Across all three profiles, tight commercial lending standards have pushed buyers toward SBA 7(a) financing and seller financing. Sellers who are willing to carry a note for a portion of the purchase price tend to attract more qualified offers and faster closings.

Choosing a Broker

The first step is a legal check, not a preference: confirm that any broker you consider is registered with the Illinois Secretary of State – Securities Department under the Business Brokers Act of 1995. An unregistered broker cannot legally collect a commission in Illinois. This is not a technicality — it affects your contract's enforceability.

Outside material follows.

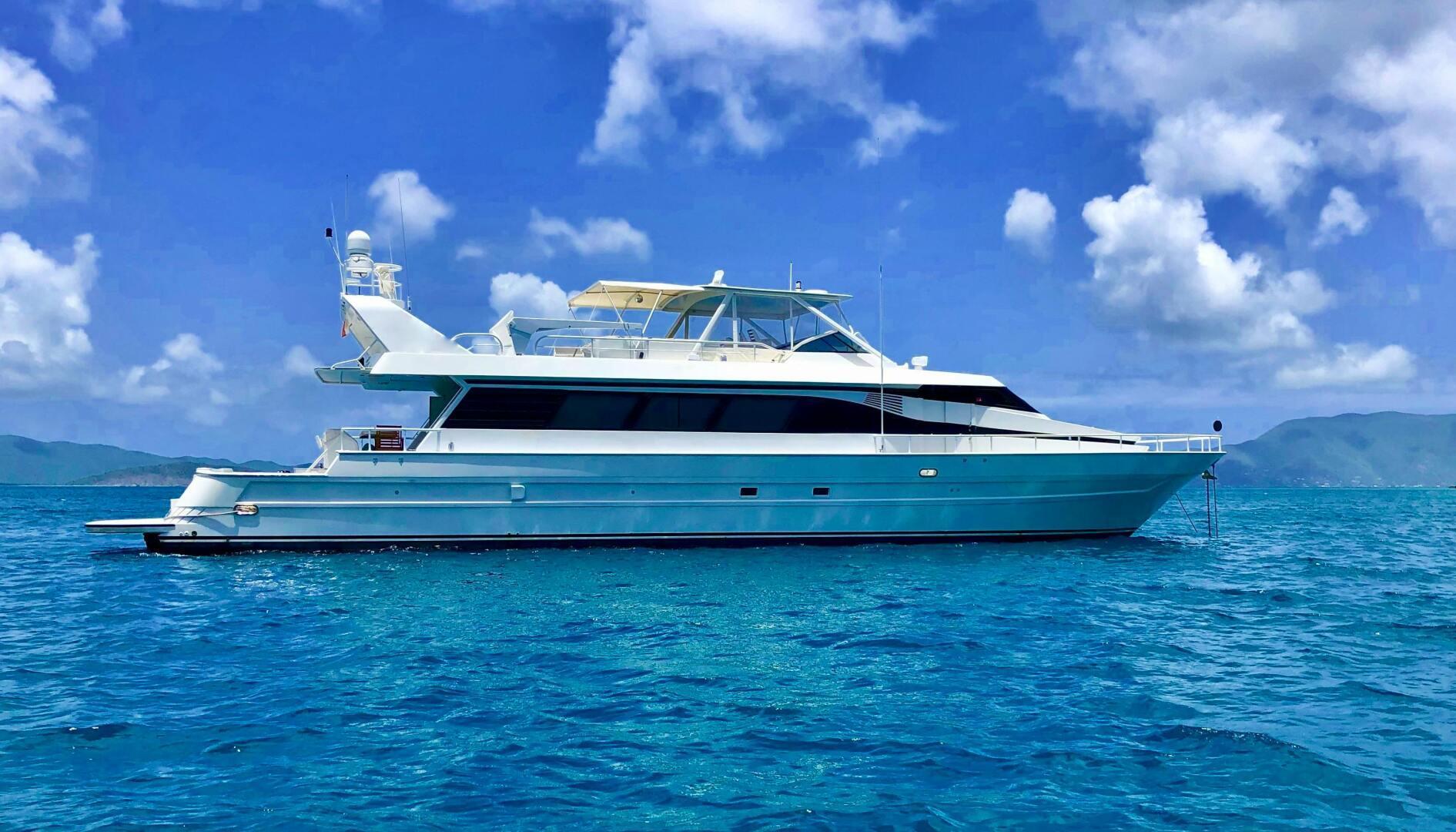 Tarrab Tarrab 88 for sale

Match the broker to Aurora's deal environment. The dominant sectors here are manufacturing, healthcare, and food processing. A broker who has closed deals in industrial or food-service businesses — particularly those that supply or support Caterpillar-adjacent operations or the Rush Copley healthcare cluster — brings a buyer network and valuation framework that a generalist cannot replicate. Ask directly: how many manufacturing or healthcare transactions have you closed in the Fox Valley or I-88 corridor in the last three years?

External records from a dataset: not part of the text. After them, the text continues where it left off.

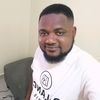 joeghartey_612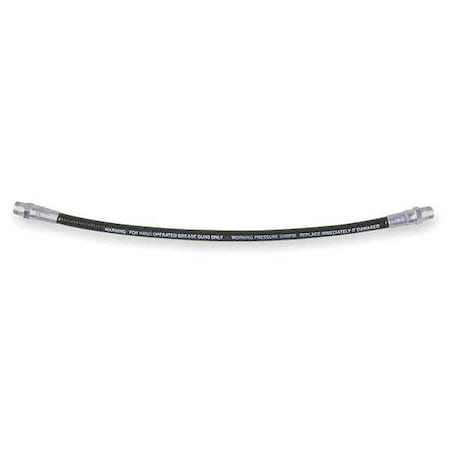 Westward Lubricant 4BY77 - product photo 1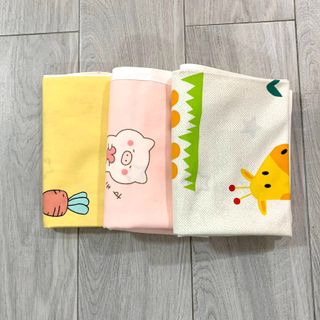 (Category: ) located in . Submitted by clearance.instocks (Listing ID 1016625135, Image 1). Description: .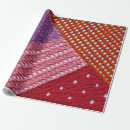 Suche nach stricken geschenkpapier Gemütlich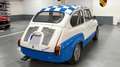 Fiat 600 FIAT 850TC ABARTH Replica - thumbnail 18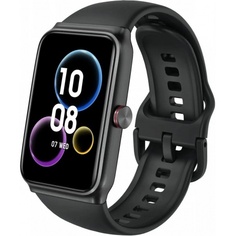 Фитнес-браслет HONOR CHOICE MOECEN NAL-WB00 BLACK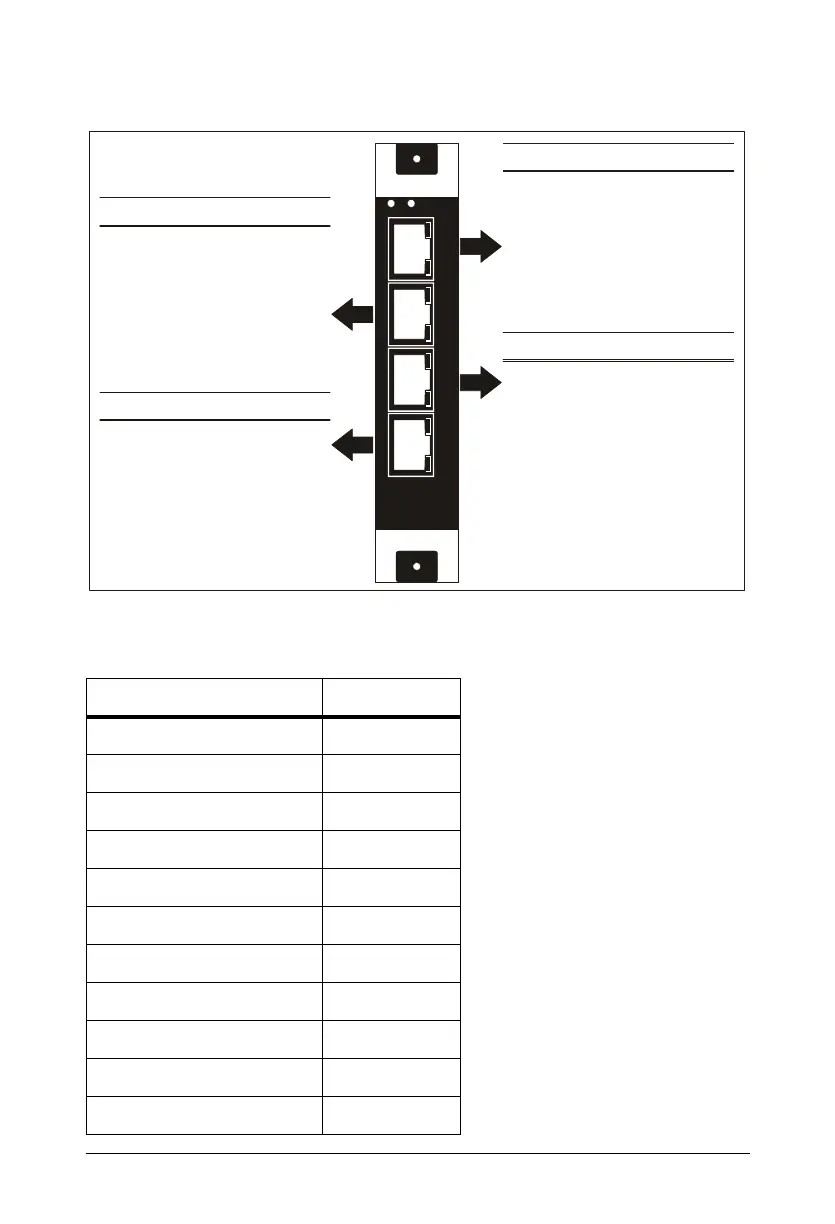 Page #109 background image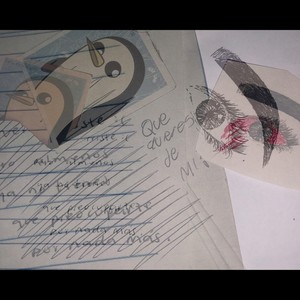 Si Hubieras Bailado Conmigo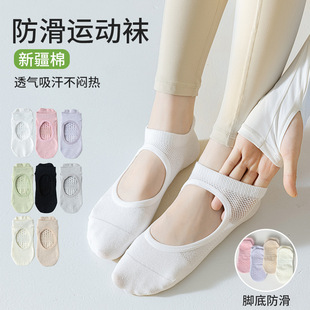 �ļ�Ů�����٤�m�����������\�ӷ����o��¶���c�z���m�ذ��m���l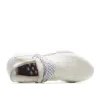 Picture of Adidas Pharrell x NMD Human Race Trail 'Blank Canvas'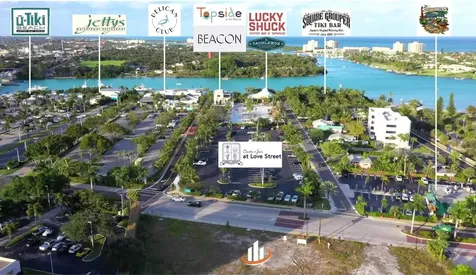 18275 Highway A1a Jupiter FL 33477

Test their buyer network geography. Aurora's most likely strategic buyers sit ten to thirty miles east, in Naperville, Lisle, and the broader Chicago metro. A broker whose active buyer list skews toward that corridor is worth more than one whose reach stops at Kane County lines.

Understand the deal-size fit. Main Street brokers typically handle transactions under $1 million; mid-market M&A advisors work deals from $1 million to $25 million and above. Their fee structures, marketing approaches, and buyer networks differ significantly. Make sure the broker's typical deal size matches your business.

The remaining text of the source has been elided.